I’d asked for chopsticks, thinking maybe she wanted me to use the fork for the salad. I got chopsticks, looked around, saw Father and Sister eating their salad with chopsticks and dove right in. I didn’t think anything of it.
It wasn’t until today that I realized that I was the only person with a fork and without chopsticks.
I know she was trying to be kind, but why do Koreans think chopsticks are so hard for foreigners to use? Especially when said foreigner has lived here for 691 days? It’s tiresome.
A few weeks ago, Good Man and I went to a coworker’s wedding. On the cash envelope I wrote (in Korean) “Amanda English Teacher, [Good Man].” She knew he was coming, so I figured she’d realize who he was. We both signed the guest book.

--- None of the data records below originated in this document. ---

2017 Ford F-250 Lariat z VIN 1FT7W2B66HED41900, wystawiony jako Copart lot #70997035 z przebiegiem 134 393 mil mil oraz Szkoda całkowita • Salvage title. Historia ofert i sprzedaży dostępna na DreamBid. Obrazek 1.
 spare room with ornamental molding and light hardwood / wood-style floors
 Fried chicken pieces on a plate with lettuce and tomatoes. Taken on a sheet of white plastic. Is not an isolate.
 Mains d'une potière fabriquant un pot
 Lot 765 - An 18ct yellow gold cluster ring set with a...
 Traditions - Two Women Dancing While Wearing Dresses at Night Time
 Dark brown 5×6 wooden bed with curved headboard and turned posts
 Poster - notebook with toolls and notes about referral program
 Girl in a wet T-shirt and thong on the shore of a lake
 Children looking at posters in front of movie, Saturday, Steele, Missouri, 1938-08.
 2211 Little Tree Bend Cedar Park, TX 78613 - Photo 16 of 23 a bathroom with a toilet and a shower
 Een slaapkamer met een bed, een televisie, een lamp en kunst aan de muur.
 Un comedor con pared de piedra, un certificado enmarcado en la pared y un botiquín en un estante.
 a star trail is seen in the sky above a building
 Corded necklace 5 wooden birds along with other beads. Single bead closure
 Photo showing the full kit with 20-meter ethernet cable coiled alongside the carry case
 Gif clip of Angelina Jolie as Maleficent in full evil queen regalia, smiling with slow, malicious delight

When my coworker got back from the honeymoon, she and her husband were looking through the money list. They had no idea who Good Man was, so they had to go through the guest book. They found his name next to mine and figured out it was me.
I was the only who stood in front of the money collectors, writing on the envelope. I was the one who took the cash from my wallet. The bride is a teacher, the groom is not, and I wrote “English Teacher” on the envelope. I handed them the cash.
How stupid do you have to be to write down the secondary name on the envelope as the primary gift giver and not even write down the first name on the envelope at all?
I was ticked, and Good Man said, “It’s Korean Confucianism. It’s sexist and racist all at the same time. It’s messed up.”